Two great teams that would be great teams at any point in the league's history. It is a dream Stanley Cup Finals for the league's marketing types, and a seven game series would only make it better.
Not so quick. History shows us young teams on a roll do not always fare well when playing for hockey's holy grail. Remember the 1983 Edmonton Oilers? They lost just once through the first three rounds, and they were a young team led by superstars such as Wayne Gretzky, Mark Messier, and Jari Kurri.
Then they ran into the league's reigning dynasty, the New York Islanders. The Isles may have been considered a bunch of graybeards, but those graybeards swept the youngsters in four games.
The parallels to this series are stunning. Sidney Crosby, annointed as the next Great One, has lived up to the hyperbole. His leadership on and off the ice is remarkable for a 20-year-old. At the media availability day Friday, he spoke like a 25-year veteran.
In other words, he sounded like Chris Chelios.
Just kidding -- but Crosby is a 30-year-old in a 20-year-old's body, and that could present some problems for Detroit. He is not easily rattled on or off the ice, he stays composed yet plays with passion, and he can elude even the best defensemen.
Well, we think the last part is the case. Crosby has not faced Nick Lidstrom, the NHL's best defenseman, for nearly two years. And there is a reason Lidstrom has won enough top defenseman awards to change his first name to Norris.
The "silent assassin" goes about his job more quietly than other high profile defensemen, but few question he is the best. Add Brian Rafalski and Nicklas Kronwall to the defensive corps, and the Wings have the personnel to shut down Pittsburgh.

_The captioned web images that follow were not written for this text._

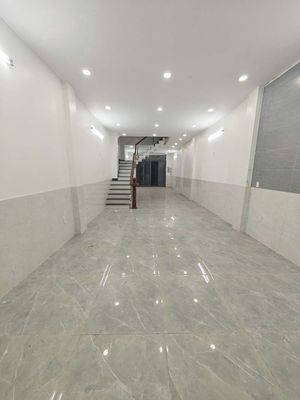 Rent · 8 bd · 180 м² · Quận 8, ул. khu An Dương Vương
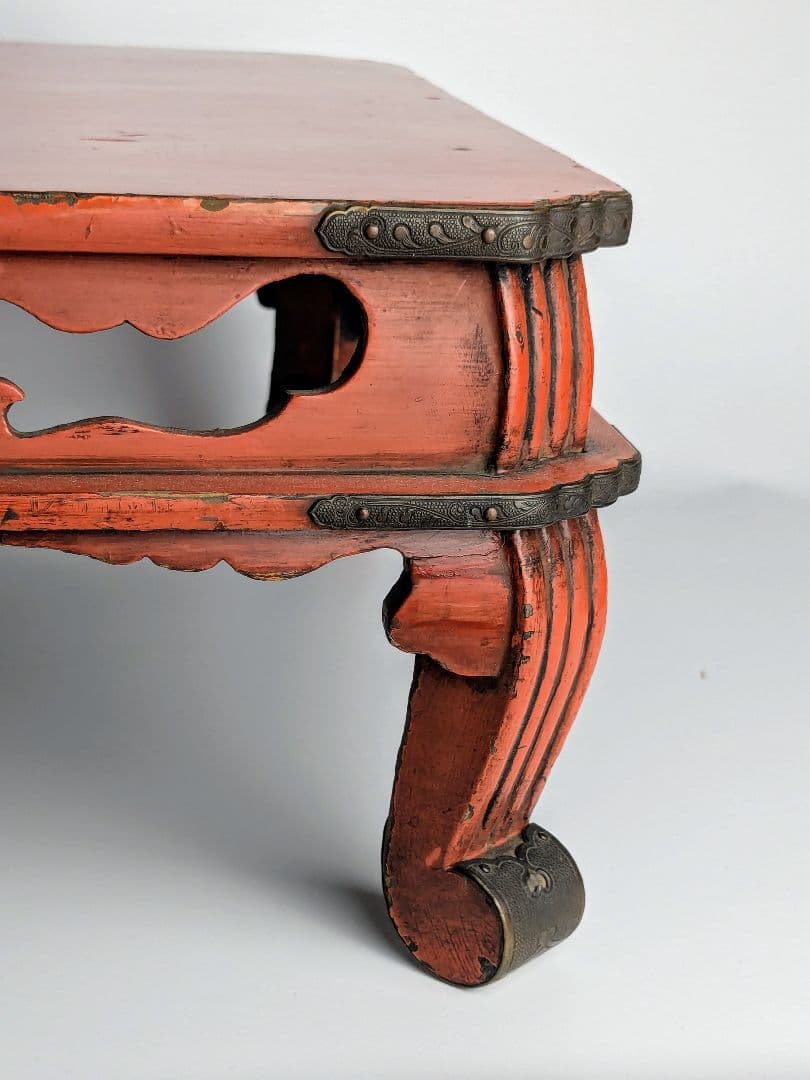 根来四足机　江戸時代　　春日卓　仏教美術　仏具　根来塗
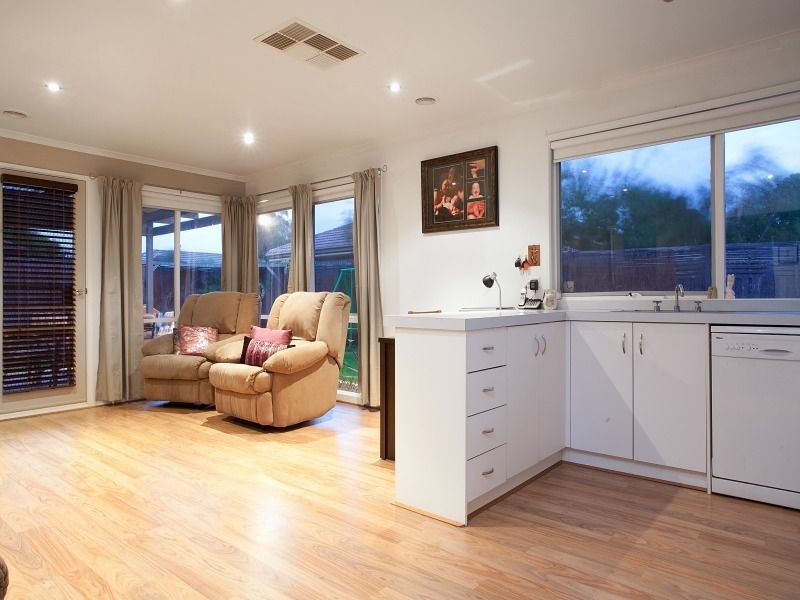 24 Bokissa Drive, Frankston VIC 3199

It will be an interesting battle indeed, as the Penguins have three solid lines. Common sense dictates the Wings would like to get the Pavel Datsyuk-Henrik Zetterberg-Tomas Holmstrom line out against the third or fourth line, but that might not be the case.

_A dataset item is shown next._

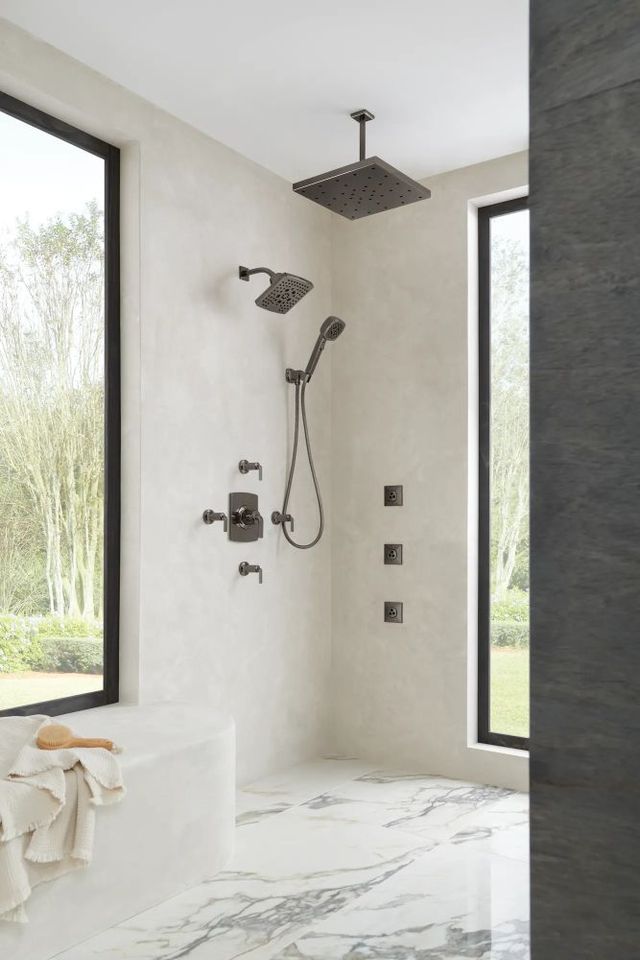 Brizo Essential™ Brilliance® Black Onyx Hydrachoice® H2Okinetic® Invigorating Spray Head-2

For Detroit, their top scoring line is also their best checking line. Datsyuk and Zetterberg are Selke candidates, and it could be argued they are the two best defensive forwards in the league. Don't let their offensive prowess fool you -- these two come to play at both ends of the ice.
Look for Detroit coach Mike Babcock to send the trio out against the Evgeni Malkin line, as the Malkin line is more defensively deficient than the Crosby line or the Jordan Staal line. Puck possession is the name of the game for Zetterberg and Datsyuk, and that alone could neutralize one of Pittsburgh's top two lines.
From Pittsburgh's point of view, it would seem their best matchup is to keep the Crosby and Malkin lines away from Zetterberg and Datsyuk. The Penguins' top two lines also thrive on puck possession, and they would be best served to play against anyone other than the league's best puck possession unit.
On the blueline, the Wings have the edge. Sergei Gonchar, Ryan Whitney, and Hal Gill lead a very competent defensive corps, but the Wings might have the best blueliners in the league -- a point that would likely be argued by Anaheim fans.
In goal, Chris Osgood has been Sogood since taking the starting reins midway through the opening round against Nashville. Osgood has Stanley Cup experience and he never seems to try to do too much.
On the other side, Marc-Andre Fleury has been spectacular, showing why he has been touted as a top-notch prospect for the past several seasons. Maybe it is the new white pads, but Fleury has been a rock for the Penguins in the playoffs.
PREDICTION: It is too easy to say this could go either way (and it could), so there has to be a limb on which to step out. Detroit's experience is invaluable at this time of year, and if the Penguins falter early, this could be a short series. Yet that seems unlikely -- the young Pens simply seem too composed. Stanley Cups will find Pittsburgh in coming years, but this year, look for Detroit to win in six.